WHAT IS REQUIRED:
Look below for the line that contains "WALKER PRODUCTS 80095027 Лямбда-зонд", then copy it and each following line to the end of the records, minus any pictures.

--- START ---

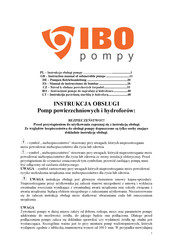 Ibo AJ50/60 Instruction Manual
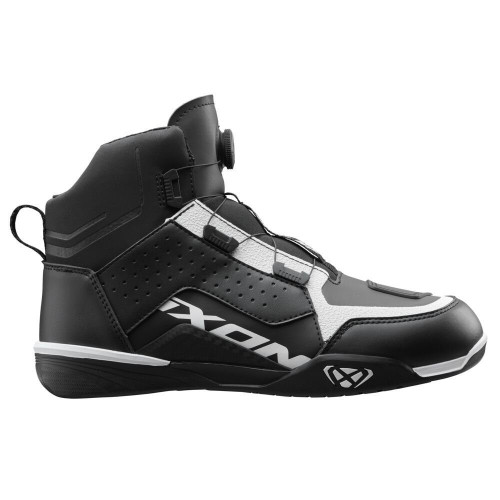 Ghete moto Urban/Roadster barbati All Season Ixon model Vyper WP MS culoare: negru/alb (100% waterproof) 2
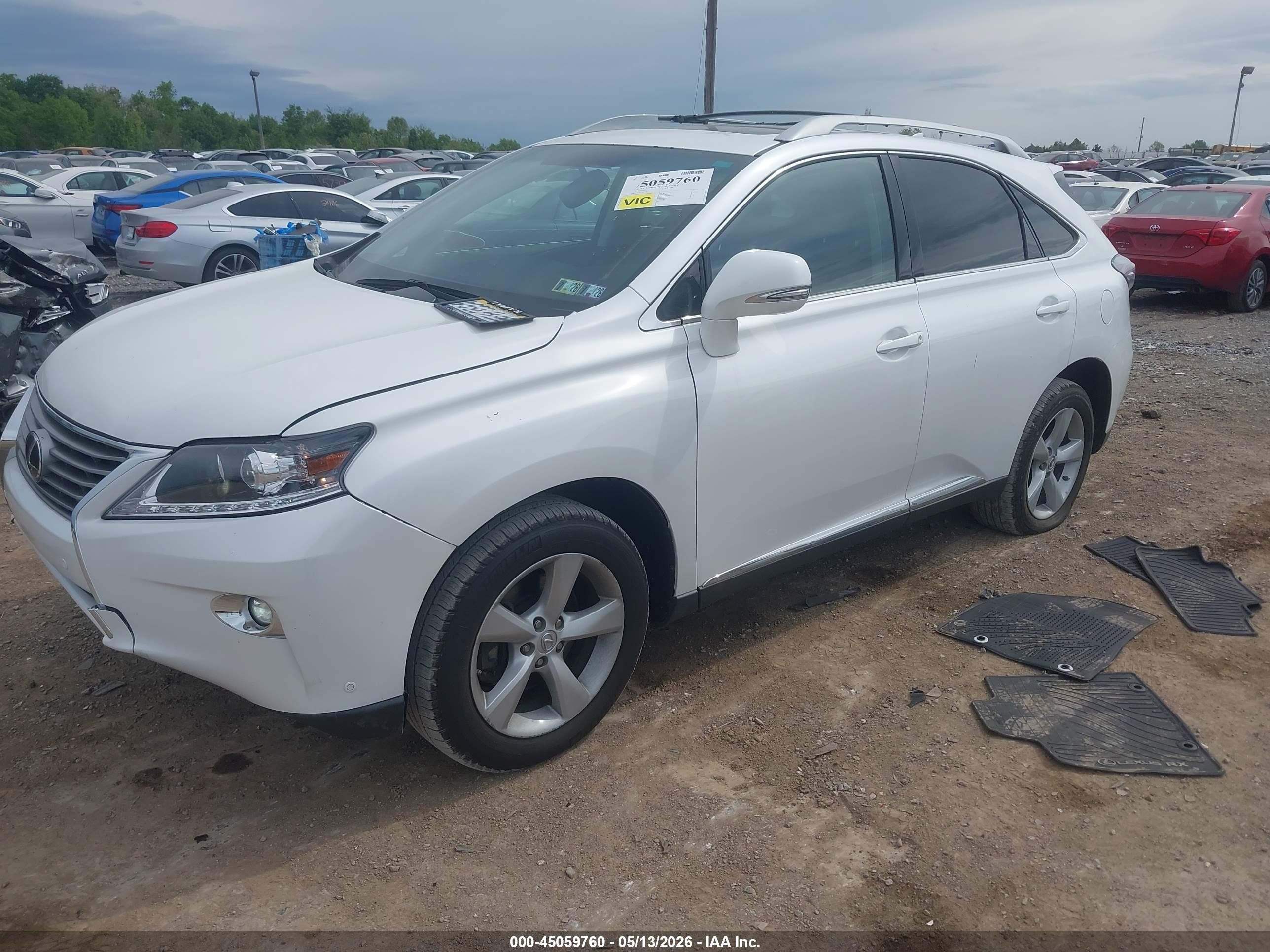 2015 Lexus Rx 350 White vin: 2T2BK1BA3FC262796
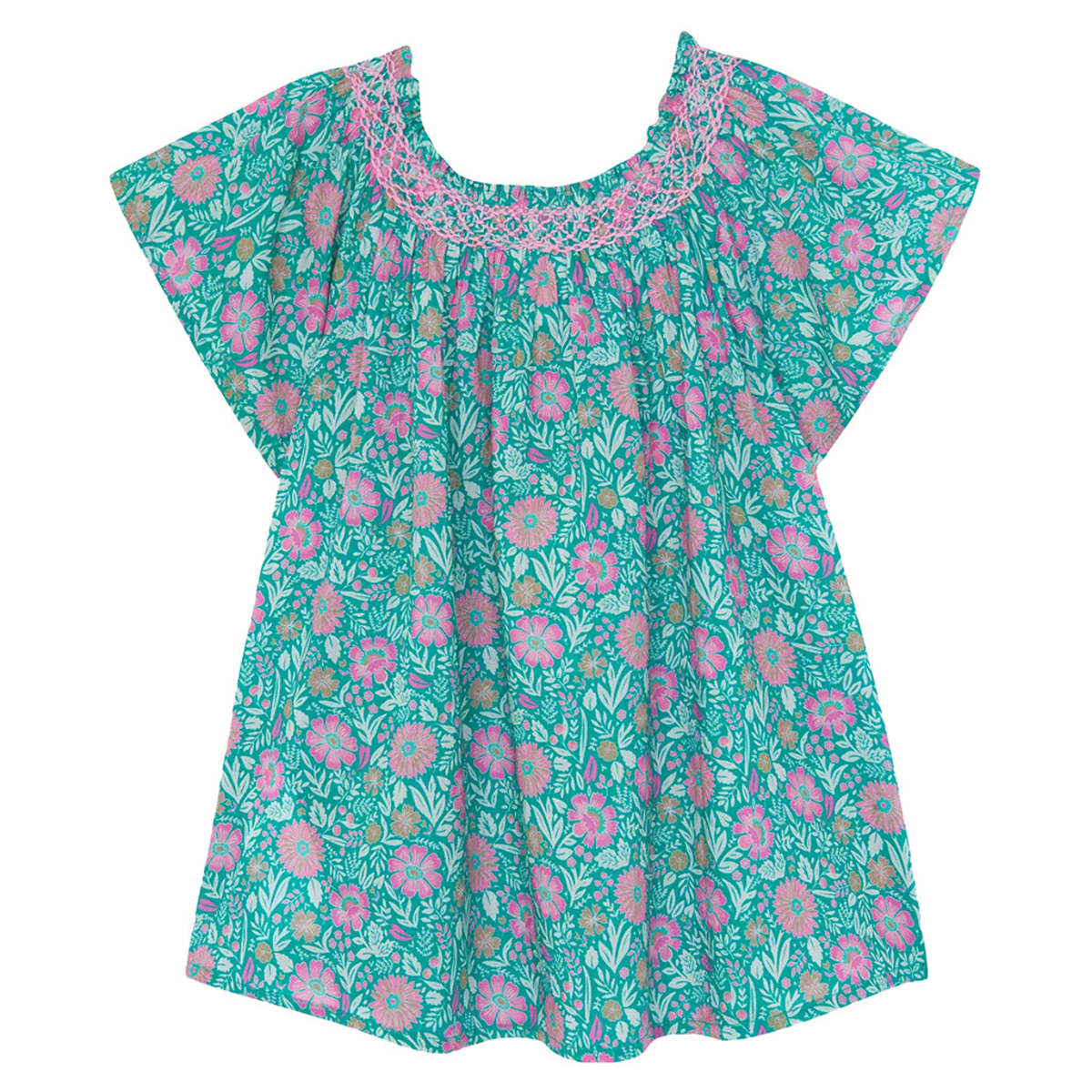 KIDS Bonton Baby Noisette Dress - Green - Image 2 of 5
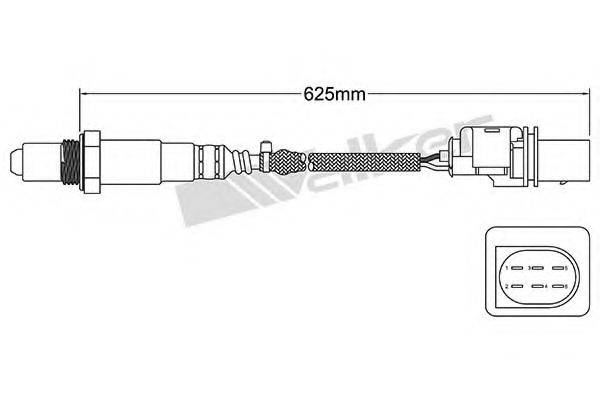 WALKER PRODUCTS 80095027 Лямбда-зонд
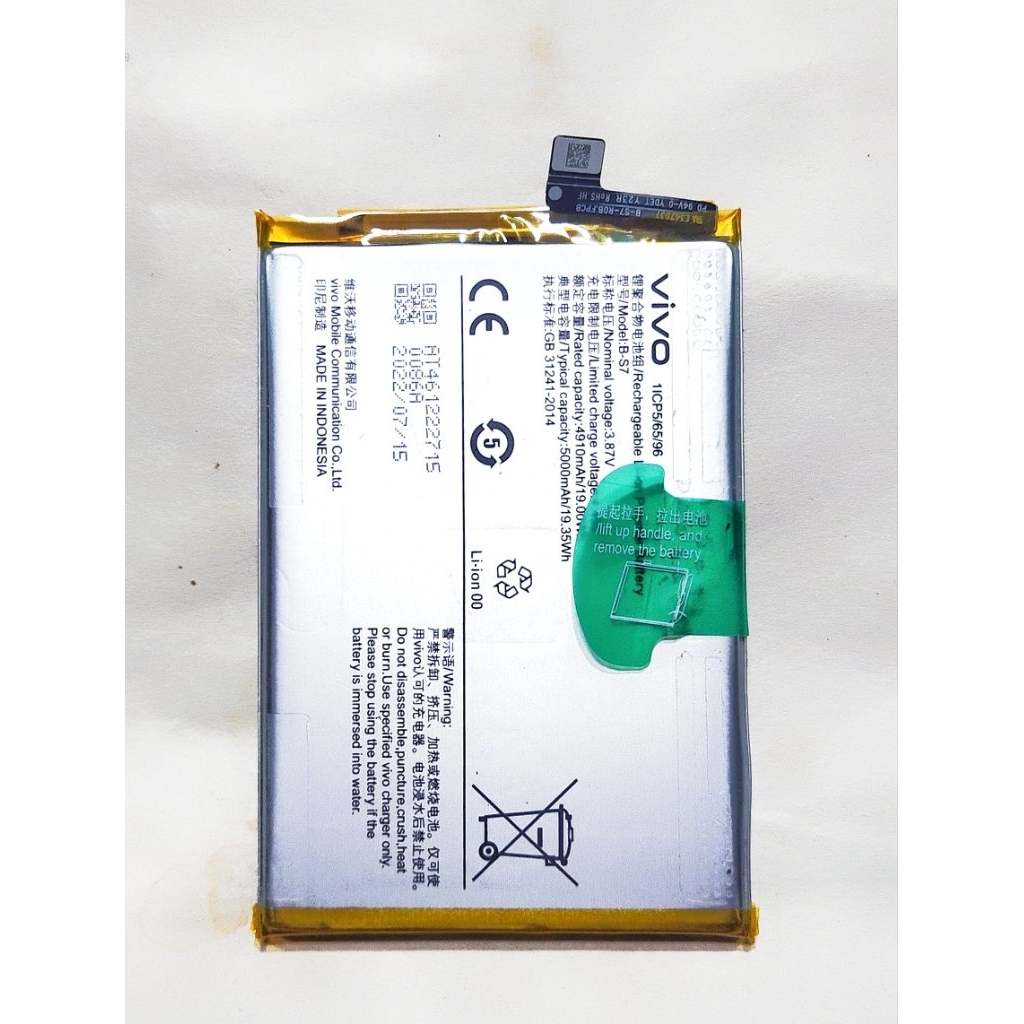 BATRE BATERAI VIVO Y16 NORMAL ORIGINAL COPOTAN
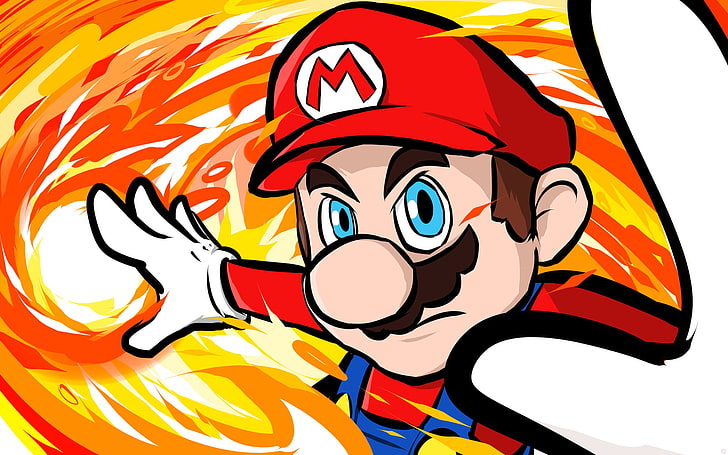 Super Mario illustration, ishmam, Super Mario Bros., multi colored, HD wallpaper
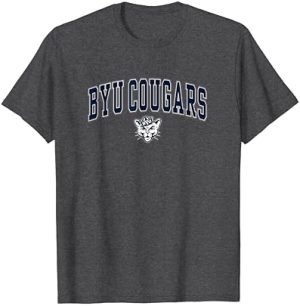 BYU Cougars Arch Over Dark Heather Officially Licensed T-Shirt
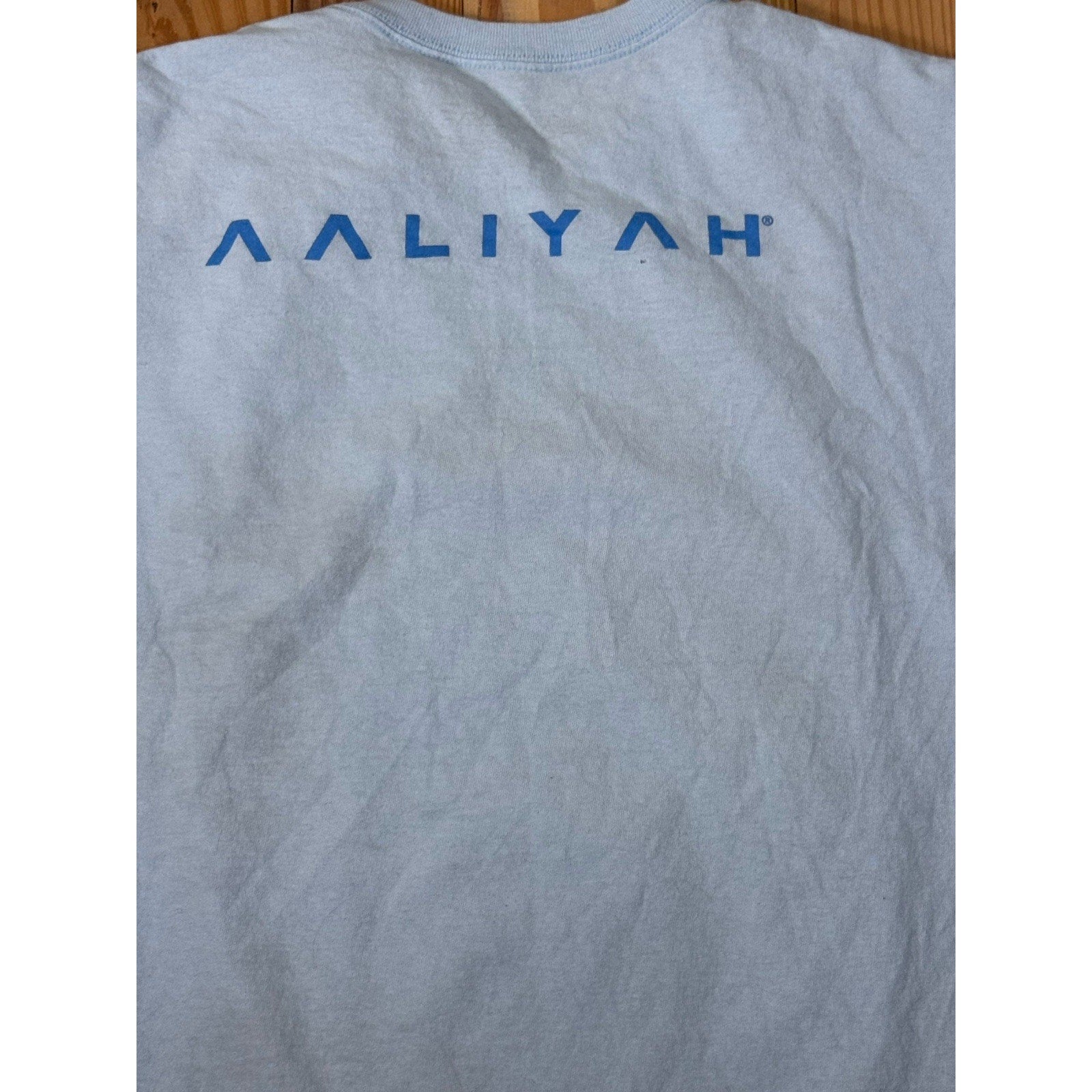 Aaliyah Light Blue Unisex Band T-Shirt Size Large By Aaliyah Brand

--- END ---

WORKED SOLUTION:
 WALKER PRODUCTS 80095027 Лямбда-зонд
 BATRE BATERAI VIVO Y16 NORMAL ORIGINAL COPOTAN
 Super Mario illustration, ishmam, Super Mario Bros., multi colored, HD wallpaper
 BYU Cougars Arch Over Dark Heather Officially Licensed T-Shirt
 Aaliyah Light Blue Unisex Band T-Shirt Size Large By Aaliyah Brand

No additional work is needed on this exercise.